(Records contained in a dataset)

+++

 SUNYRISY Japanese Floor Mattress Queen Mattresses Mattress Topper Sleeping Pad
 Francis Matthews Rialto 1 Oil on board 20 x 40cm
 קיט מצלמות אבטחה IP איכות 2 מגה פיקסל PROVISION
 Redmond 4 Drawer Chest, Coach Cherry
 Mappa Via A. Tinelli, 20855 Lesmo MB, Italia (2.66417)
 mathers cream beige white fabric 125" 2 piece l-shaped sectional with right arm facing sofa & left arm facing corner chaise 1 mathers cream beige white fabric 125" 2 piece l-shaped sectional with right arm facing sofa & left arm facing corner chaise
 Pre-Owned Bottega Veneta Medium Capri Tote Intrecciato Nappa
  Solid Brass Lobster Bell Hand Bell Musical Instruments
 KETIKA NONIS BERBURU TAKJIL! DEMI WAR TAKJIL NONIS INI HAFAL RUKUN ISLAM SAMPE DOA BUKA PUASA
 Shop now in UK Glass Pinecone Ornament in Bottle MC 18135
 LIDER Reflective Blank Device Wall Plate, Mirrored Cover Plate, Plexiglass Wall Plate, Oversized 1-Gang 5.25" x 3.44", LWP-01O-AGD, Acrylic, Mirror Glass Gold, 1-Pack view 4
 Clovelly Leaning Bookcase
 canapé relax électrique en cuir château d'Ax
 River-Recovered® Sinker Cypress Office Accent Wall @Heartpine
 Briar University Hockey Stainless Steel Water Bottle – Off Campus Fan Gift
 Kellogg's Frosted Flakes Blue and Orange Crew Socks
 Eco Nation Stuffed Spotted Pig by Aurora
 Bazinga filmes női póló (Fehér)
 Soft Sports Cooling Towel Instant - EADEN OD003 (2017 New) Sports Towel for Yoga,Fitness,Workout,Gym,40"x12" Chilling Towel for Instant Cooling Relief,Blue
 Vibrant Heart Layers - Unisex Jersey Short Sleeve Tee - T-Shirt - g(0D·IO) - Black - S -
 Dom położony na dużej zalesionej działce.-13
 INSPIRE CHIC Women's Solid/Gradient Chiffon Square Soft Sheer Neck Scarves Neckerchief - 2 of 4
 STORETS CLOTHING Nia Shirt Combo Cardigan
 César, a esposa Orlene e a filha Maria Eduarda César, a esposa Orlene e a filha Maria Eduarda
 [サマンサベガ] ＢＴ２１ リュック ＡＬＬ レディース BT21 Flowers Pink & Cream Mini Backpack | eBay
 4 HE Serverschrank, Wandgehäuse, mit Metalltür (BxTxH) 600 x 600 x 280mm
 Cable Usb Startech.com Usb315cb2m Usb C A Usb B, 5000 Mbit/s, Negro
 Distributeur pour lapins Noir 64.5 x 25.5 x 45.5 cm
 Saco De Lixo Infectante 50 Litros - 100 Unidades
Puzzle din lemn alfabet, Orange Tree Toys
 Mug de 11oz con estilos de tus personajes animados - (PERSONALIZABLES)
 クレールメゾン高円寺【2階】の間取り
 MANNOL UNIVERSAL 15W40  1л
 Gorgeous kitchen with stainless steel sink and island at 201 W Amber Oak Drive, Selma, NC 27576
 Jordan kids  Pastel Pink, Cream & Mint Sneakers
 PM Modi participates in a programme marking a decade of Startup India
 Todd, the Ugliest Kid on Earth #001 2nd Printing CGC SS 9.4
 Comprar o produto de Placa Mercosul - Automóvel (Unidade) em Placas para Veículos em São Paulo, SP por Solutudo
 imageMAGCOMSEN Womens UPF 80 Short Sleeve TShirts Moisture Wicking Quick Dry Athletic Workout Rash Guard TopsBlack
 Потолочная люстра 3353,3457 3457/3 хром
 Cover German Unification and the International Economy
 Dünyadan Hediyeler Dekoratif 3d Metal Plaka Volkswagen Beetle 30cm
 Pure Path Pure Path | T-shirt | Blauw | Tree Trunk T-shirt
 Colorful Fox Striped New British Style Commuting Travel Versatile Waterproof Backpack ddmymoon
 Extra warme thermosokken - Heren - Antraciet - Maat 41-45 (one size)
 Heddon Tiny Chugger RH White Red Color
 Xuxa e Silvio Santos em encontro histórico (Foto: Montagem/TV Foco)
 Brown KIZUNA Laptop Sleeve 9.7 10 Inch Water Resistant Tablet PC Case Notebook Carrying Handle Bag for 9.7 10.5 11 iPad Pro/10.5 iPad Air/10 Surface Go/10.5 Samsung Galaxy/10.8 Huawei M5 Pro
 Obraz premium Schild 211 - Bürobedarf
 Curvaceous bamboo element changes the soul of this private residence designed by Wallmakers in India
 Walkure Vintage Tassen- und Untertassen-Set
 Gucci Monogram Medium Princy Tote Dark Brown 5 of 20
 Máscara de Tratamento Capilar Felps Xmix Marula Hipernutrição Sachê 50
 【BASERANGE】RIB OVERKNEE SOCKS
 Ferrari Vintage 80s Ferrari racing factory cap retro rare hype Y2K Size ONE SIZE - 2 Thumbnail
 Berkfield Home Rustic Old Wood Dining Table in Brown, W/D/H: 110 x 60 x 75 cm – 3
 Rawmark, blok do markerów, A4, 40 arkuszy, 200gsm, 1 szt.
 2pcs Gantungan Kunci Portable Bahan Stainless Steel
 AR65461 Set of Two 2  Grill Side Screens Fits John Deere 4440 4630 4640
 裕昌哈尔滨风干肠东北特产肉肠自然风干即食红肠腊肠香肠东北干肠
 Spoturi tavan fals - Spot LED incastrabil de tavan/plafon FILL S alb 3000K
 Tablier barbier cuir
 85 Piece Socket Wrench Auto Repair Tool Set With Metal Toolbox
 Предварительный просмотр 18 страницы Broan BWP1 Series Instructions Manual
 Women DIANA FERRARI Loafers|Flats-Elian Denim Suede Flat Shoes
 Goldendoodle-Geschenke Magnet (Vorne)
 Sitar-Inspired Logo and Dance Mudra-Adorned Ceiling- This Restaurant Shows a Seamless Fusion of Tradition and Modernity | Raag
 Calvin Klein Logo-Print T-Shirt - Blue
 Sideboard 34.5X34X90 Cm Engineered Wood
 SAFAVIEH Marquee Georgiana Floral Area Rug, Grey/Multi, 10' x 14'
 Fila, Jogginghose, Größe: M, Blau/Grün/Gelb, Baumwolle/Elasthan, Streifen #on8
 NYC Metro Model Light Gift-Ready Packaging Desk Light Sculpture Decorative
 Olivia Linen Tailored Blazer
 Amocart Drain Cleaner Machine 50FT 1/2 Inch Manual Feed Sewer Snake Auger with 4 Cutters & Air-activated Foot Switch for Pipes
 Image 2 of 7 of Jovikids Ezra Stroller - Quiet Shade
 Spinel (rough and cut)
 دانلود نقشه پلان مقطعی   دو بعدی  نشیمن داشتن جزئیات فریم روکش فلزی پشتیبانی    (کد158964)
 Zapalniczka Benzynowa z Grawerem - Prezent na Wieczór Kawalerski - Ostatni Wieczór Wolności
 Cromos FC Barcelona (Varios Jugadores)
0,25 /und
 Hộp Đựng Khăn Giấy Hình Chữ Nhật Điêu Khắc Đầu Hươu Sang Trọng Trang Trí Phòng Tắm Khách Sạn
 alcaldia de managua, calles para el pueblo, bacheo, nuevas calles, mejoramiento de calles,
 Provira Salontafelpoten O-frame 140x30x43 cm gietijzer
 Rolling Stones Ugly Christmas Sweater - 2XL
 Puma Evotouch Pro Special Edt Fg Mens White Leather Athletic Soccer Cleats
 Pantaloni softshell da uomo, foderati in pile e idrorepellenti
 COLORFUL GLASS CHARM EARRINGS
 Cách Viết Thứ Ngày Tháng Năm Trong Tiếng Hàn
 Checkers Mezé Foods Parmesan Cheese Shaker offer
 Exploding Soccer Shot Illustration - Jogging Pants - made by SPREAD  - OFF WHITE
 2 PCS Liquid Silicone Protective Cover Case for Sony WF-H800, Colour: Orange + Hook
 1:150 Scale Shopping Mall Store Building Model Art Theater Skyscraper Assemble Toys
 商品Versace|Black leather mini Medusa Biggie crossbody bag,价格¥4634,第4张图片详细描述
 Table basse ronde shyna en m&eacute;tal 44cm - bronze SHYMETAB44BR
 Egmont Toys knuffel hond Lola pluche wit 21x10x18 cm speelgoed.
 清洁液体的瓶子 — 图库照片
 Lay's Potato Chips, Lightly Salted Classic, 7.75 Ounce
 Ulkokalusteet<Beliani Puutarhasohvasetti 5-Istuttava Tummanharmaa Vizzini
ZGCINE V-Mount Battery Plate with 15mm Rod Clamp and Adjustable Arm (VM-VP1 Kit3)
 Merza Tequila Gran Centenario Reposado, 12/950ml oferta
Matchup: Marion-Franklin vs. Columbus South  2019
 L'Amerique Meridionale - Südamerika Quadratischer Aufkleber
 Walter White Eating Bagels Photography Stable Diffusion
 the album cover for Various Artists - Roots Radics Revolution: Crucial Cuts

+++

● Exercise aim
Please output an exact copy of the lines above, from the opening line of the data down to the line that contains "Mappa Via A.".

● Written solution
 SUNYRISY Japanese Floor Mattress Queen Mattresses Mattress Topper Sleeping Pad
 Francis Matthews Rialto 1 Oil on board 20 x 40cm
 קיט מצלמות אבטחה IP איכות 2 מגה פיקסל PROVISION
 Redmond 4 Drawer Chest, Coach Cherry
 Mappa Via A. Tinelli, 20855 Lesmo MB, Italia (2.66417)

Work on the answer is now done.